Qui est Siboy, le rappeur au visage masqué produit par Booba ?

Qu’ils s’appellent Damso, Benash ou Siboy, ils ont tous un point particulier. Celui d’être la nouvelle génération du rap français. Autre similitude, ils sont tous nés en Afrique. Le trio réuni sur le titre « Mobali », va rapidement s’installer dans les charts musicaux français.

Sur You Tube, ils sont à 56 millions de vues. Mais un retiendra particulièrement l’attention. Siboy. Si l’artiste de 26 ans tape à l’œil, ce n’est pas que pour sa musique.

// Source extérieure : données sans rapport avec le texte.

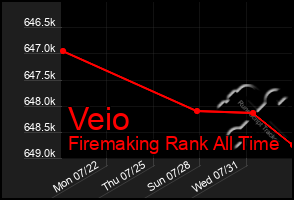 Total Graph of Veio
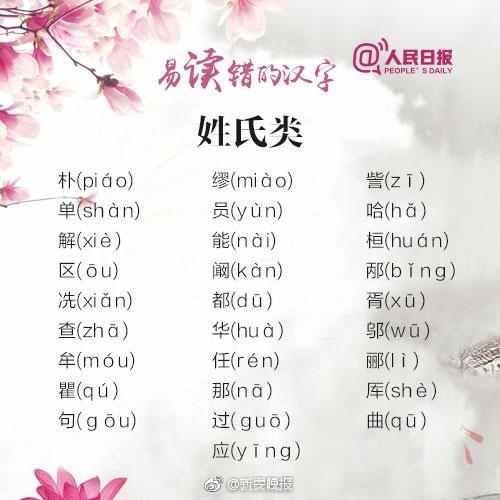 “一读就错”的人名、地名、成语, 你能读对几个?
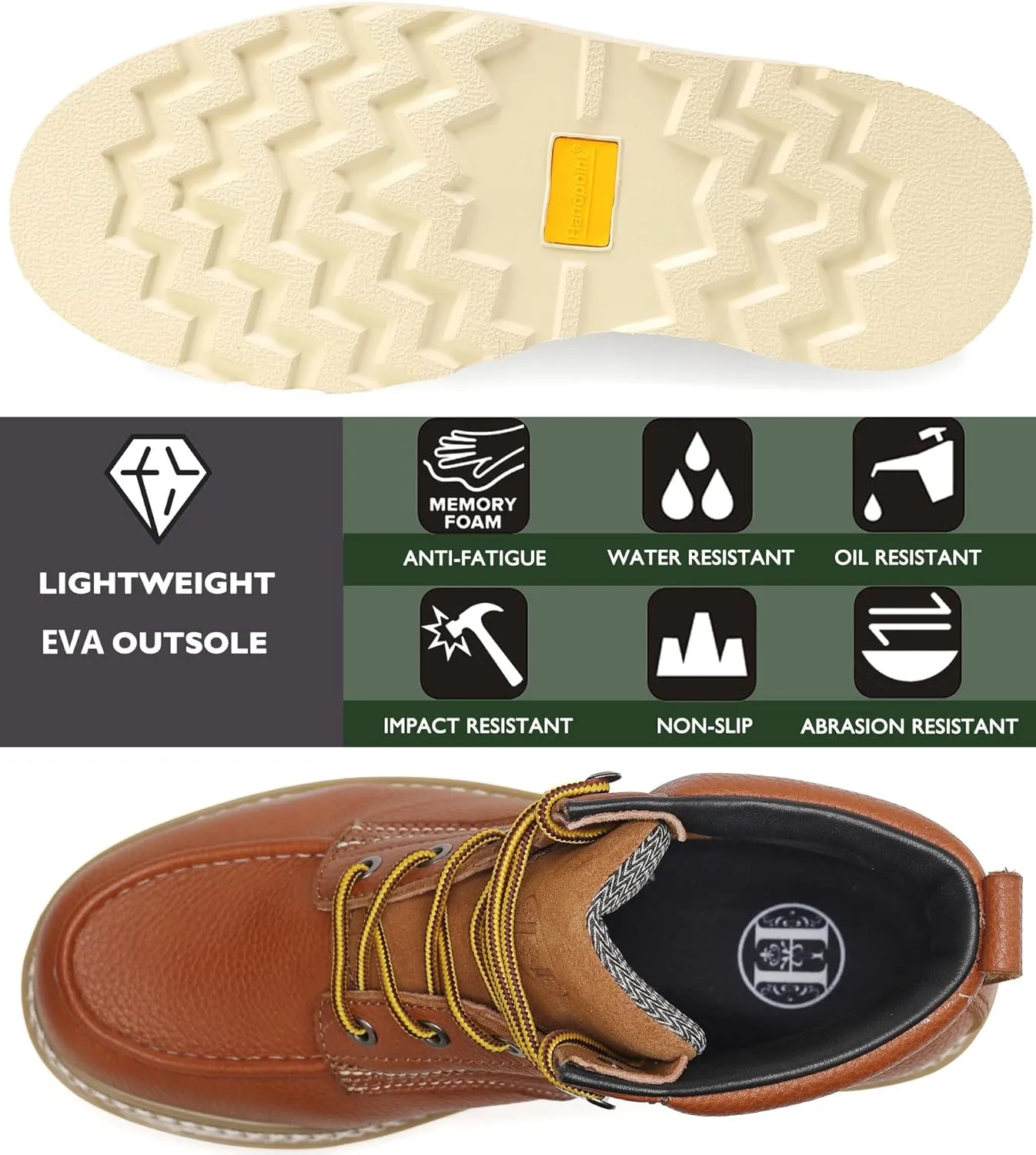 CONRAD Men's Moc Toe Safety Work Boots: 6" & 8" Soft Toe, Composite Toe, Waterproof, Slip Resistant, Puncture-proof EH Safety Boots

Dans les clips, l’homme rappe toujours encagoulé. Impossible de voir son visage. De quoi contribuer à alimenter les chroniques musicales. On connait toutefois le parcours du MC.

Originaire du Congo-Brazzaville, on sait de l’artiste qu’il a eu une enfance difficile. Comme bon nombre de rappeurs, serait-on tenté de dire. Et sur la question, le compositeur n’aime souvent pas s’y attarder. Histoire peut-être de ne pas réveiller de mauvais souvenir. A l’âge de 7 ans, le chanteur et sa famille ont dû fuir la guerre en 1997.

« Je suis né à Brazzaville, mais il y a eu la guerre. Mes parents ont décidé de partir, car ma mère était d’une ethnie différente de celle mon père, qui, lui, était militaire. Ils ont eu peur que notre famille soit divisée. J’ai encore les images de la guerre en tête », a-t-il confié au Magazine français, les InRocks. Une blessure psychologique qui n’a apparemment pas encore cicatrisée.

Réfugié en France, le hip-hop arrive dans sa vie à l’âge adulte.Grâce à un ami, raconte-il. Alors qu’il est chez lui, un proche passe déposer toutes ses affaires. « Dans ses cartons, il avait laissé un ordinateur, un micro et une carte son externe. J’ai essayé de composer des musiques. Le son de ma voix m’a paru bizarre au début, mais je me suis lancé », explique-t-il.

Puis suivront les freestyles sur You Tube. Repéré par Booba, une grande figure du rap français, il signera avec le label Capitol Music France et multipliera de nombreuses collaborations. Ses titres « Mobali » et « Au revoir » vont susciter l’adhésion du public.

Malgré le succès, l’homme veut rester anonyme. D’où l’éternelle cagoule. Il explique ce choix inhabituel par le fait de ne pas vouloir se faire aborder par des inconnus dans la rue. « J’ai toujours été très réservé et j’ai cherché un substitut pour ne pas montrer mon visage. La cagoule était évidente (…). Je ne regrette pas ce choix, c’est un luxe d’avoir une vie normale quand tu es un artiste », argumente-t-il.
Depuis son arrivée en France, Siboy révèle ne jamais être retourné au Congo.

Il dit en rêver pourtant. « Je peux bien sûr parler sur WhatsApp avec mes cousins. Mais les odeurs me manquent, je suis sûr qu’elles m’aideront à me souvenir. J’ai envie de sentir la chaleur, de voir comment le pays a évolué. J’ai besoin de déclics pour réveiller ma mémoire, il y a encore des choses enfouies », révèle-t-il.